## Aim of the task
In the data that follows, every line containing the word "Imagem" should be returned.

## Source information
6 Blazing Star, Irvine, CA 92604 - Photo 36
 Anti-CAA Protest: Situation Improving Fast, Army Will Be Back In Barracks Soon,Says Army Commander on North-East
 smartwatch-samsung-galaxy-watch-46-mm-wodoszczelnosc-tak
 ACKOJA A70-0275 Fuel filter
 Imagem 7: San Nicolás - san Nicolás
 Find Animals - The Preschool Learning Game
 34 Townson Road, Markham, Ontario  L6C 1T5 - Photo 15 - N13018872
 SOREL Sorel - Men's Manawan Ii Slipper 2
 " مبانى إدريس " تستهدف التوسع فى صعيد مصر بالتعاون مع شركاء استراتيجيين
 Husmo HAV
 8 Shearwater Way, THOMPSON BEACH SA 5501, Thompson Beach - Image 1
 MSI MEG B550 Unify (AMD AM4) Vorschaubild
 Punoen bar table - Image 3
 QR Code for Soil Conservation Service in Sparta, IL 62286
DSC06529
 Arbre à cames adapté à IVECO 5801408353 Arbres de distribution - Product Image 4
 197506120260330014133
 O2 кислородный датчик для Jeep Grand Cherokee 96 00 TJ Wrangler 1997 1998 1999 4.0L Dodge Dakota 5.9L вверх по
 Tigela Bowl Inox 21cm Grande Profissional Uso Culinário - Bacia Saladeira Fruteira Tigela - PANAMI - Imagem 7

## Finished exercise
 Imagem 7: San Nicolás - san Nicolás
 Tigela Bowl Inox 21cm Grande Profissional Uso Culinário - Bacia Saladeira Fruteira Tigela - PANAMI - Imagem 7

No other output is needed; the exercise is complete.